However there is no certainty that Habermas here, or the sciences in general, have NOT imported aesthetic means (so to speak). Which means, Habermas cannot provide a justification of his formal pragmatic argument *unless* one already believes that such justifications are possible (hence, his question begging). In effect, the only people that will agree with Habermas are those that share his particular moral imaginary (and beg the question with him). In other words - a democratic ethos is the backdrop to his logically trivial observation about the presuppositions of language. They are only presuppositions for people who believe they are presuppositions. Remember, Habermas is deriving a universalist ethic from this position. My point is only this: as a universalist position, it fails. Yes, *I* agree that language can be used in such a way that we can reach an agreement about something, relatively justified ("strong hermeneutics" is a stupid term but one that has been used here) and normatively binding. But I already believe in the power of reason to sort through these things.
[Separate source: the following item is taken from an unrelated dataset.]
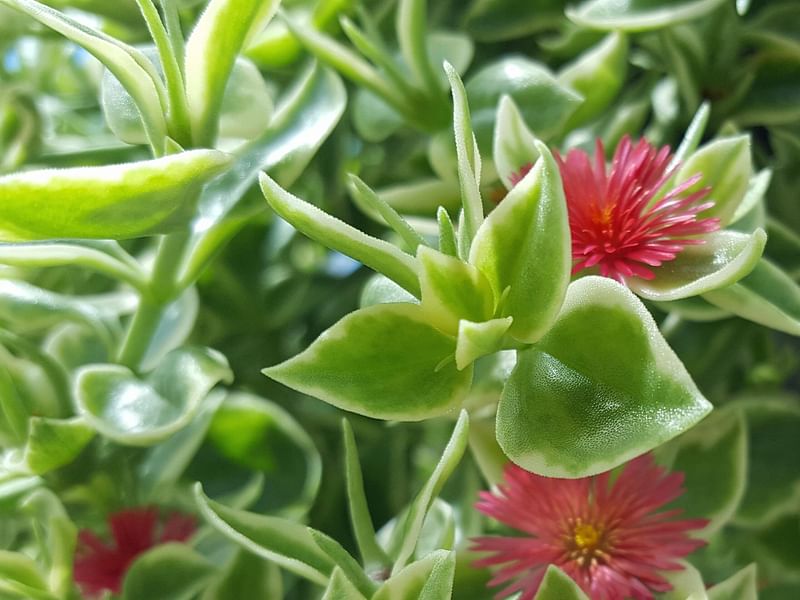 Dorotheanthus | Aizoaceae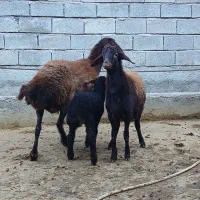 گوسفند بره دار نژاد دار فروشی|حیوانات مزرعه|مینودشت, |دیوار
Also if arguing against Habermas means providing support for his position then it seems to me this does involve rejecting counter evidence in advance. Since it is presupposed that Habermas is right that there is a performative contradiction in arguing against him then of course it will follow that the counter arguiment itself supports his claim. The evidence, the counter argument supports his theory on the assumption his theory is true. So the well is poisoned via question begging.
Cheers, Ken Hanly
----- Original Message ----- From: Kelley <kwalker2 at gte.net> To: <lbo-talk at lists.panix.com>; <lbo-talk at lists.panix.com>; <lbo-talk at lists.panix.com> Sent: Sunday, July 29, 2001 4:24 PM Subject: Re: Ethical foundations of the left
> At 04:54 PM 7/29/01 -0400, Kelley wrote:
> >At 12:01 PM 7/29/01 -0500, Ken Hanly wrote:
> >>Well what it shows is that Habermas apparently has not studied logical
> >>fallacies such as poisoning the wells. Any evidence against his theory
is
> >>rejected in advance since according to his theory it would exemplify the
> >>very conditions his theory proclaims as necessary.
>
>
> this is not what poisoning the well means. and, in fact, evidence is used
> to support his claims. the only way you can have concluded this is that
you
> don't know what the ideal speech situation is. i didn't think i had to
> explain that one since those who have an opinion, except carrol, claim to
> have read H. what H is saying is that when you engage in argumentation you
> are, in fact, invoking the ideal speech situation. our arguments against
> him are evidence in support of his claims about the ISS. the evidence
isn't
> rejected but shown to be supporting his theory.